George Harrison picked up a guitar skill from Buddy Holly

While Elvis Presley dominated the 1950s rock n’ roll genre, Holly wasn’t far behind him. The singer had a unique look and style, but he also played the guitar in his songs, something not many artists did at the time. Holly was one of George Harrison’s earliest influences, especially when he was learning to perfect his guitar skills. 

In a 1974 interview with Alan Freeman on Rock Around the World, the “quiet Beatle” discussed his earliest inspirations and how he learned to play his primary instrument. Harrison said it was a challenge at first as the manual he bought wasn’t the most helpful.

“As a guitar player I started trying to learn the guitar,” Harrison explained. “I got a manual, and it showed me all the wrong chords. It showed like one or two fingers. It showed me C to G. I learned this [plays guitar], and then a few months or a year later, I found, ‘Those stupid buggers have given me a manual that doesn’t show me all the notes!’”

However, he listened to Holly and learned things no manual could show him. He picked up a chord transition from A to F that he called “fantastic.”

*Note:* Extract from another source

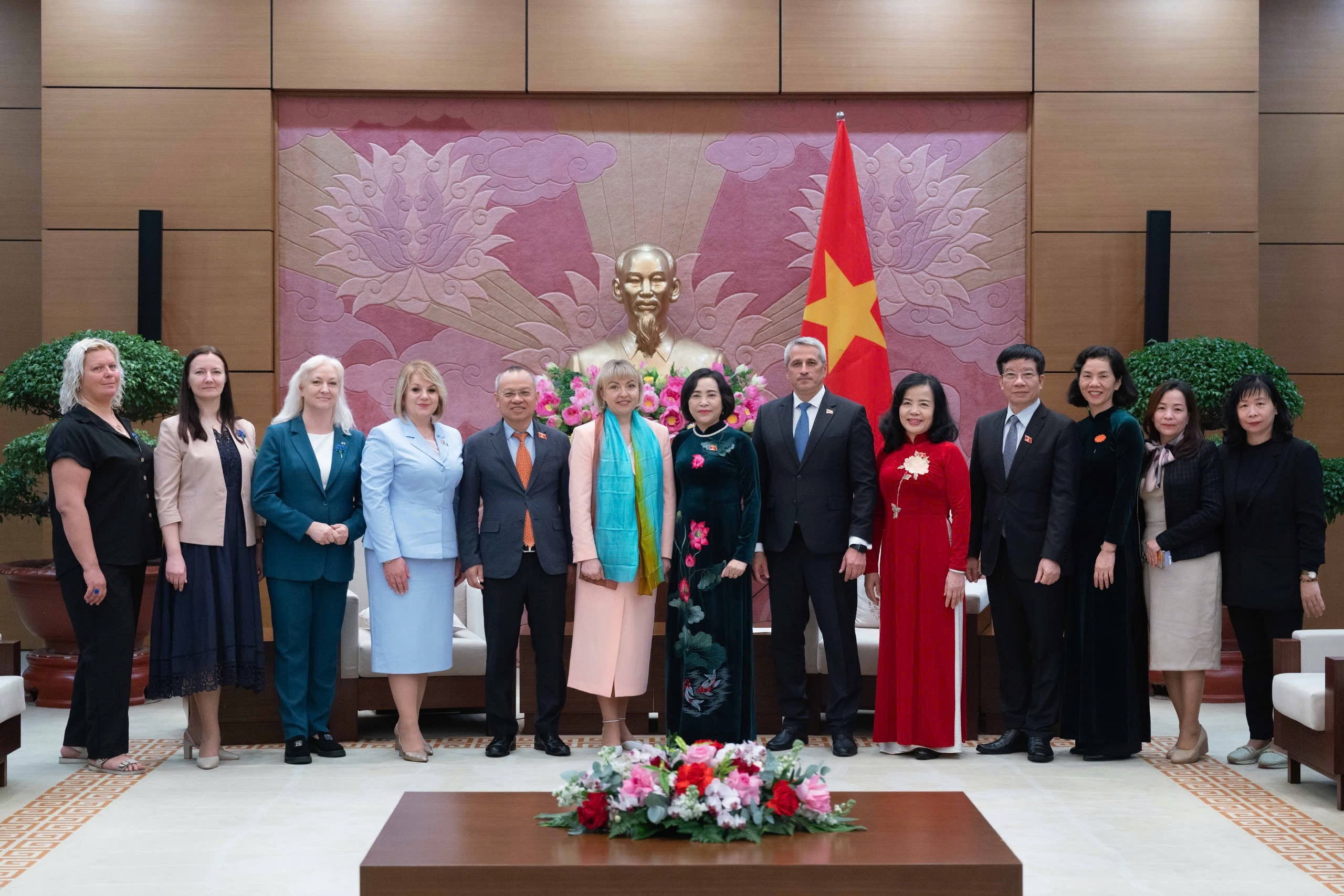 Phụ nữ Việt Nam - Belarus tăng cường kết nối vì hòa bình, văn hóa và quyền bình đẳng Phụ nữ Việt Nam - Belarus tăng cường kết nối vì hòa bình, văn hóa và quyền bình đẳng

“I think one of the greatest people for me was Buddy Holly because, first of all, he sang, wrote his own tunes, was a guitar player, and he was very good – exceptionally good,” he continued. “Buddy Holly was the first time I ever heard [plays guitar] A to F-sharp minor. A to F-sharp minor, fantastic! He’s opening up new worlds there. And then [plays guitar], [singing] ‘Pretty pretty, Peggy Sue’. A to F. Buddy Holly was sensational, so I mean a little bit of that rubbed off in as much as I no longer have a fear of changing from A to F.”

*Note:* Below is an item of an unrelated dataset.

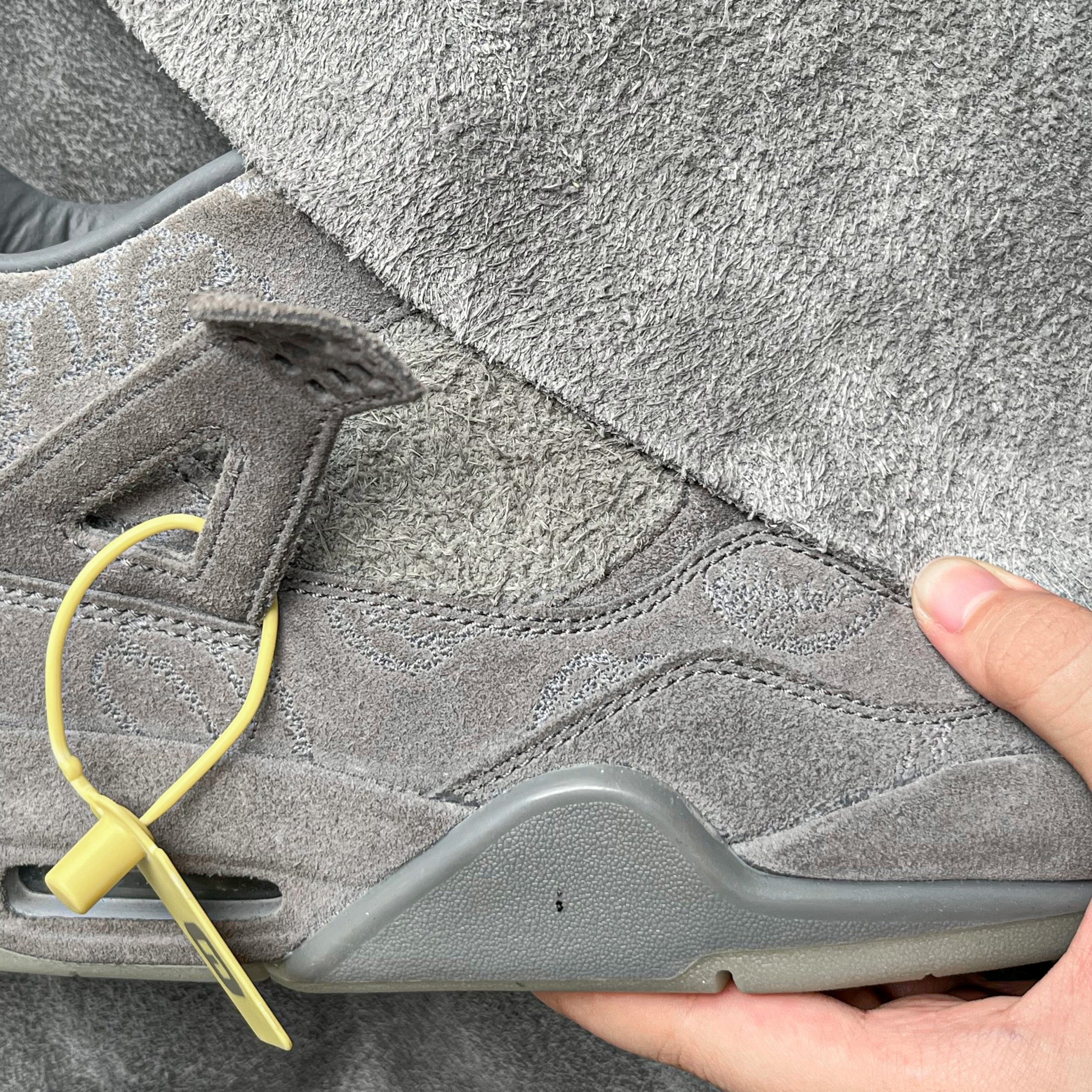 Jordan 4 Retro Kaws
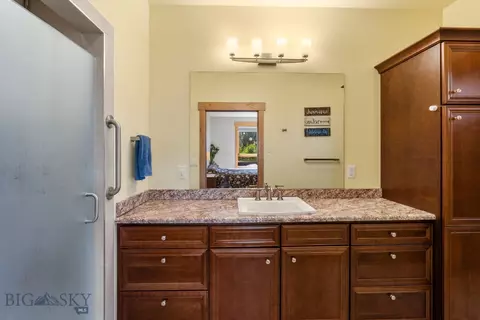 Bath - 1500 Rainbow Rd, Bozeman, MT 59715 photo 4 of 6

Buddy Holly was a significant influence for The Beatles

Buddy Holly’s career was cut short when he died in a plane crash in 1959. While he was only 22, his music still had a massive impact on the band that would become the most popular musical act ever. In an interview with Barnes & Noble, McCartney explained why the band was fascinated by Holly. He said they liked that Holly wrote, played, and sang his own songs, and this became the model they wanted to follow. 

“Buddy Holly was pretty much on everything that he performed,” McCartney shared. “And so when we saw him, we liked that he’d written it, that he was singing it, and that he was playing guitar because a lot of other people just stood there without an instrument. So it became very much something for us to emulate.”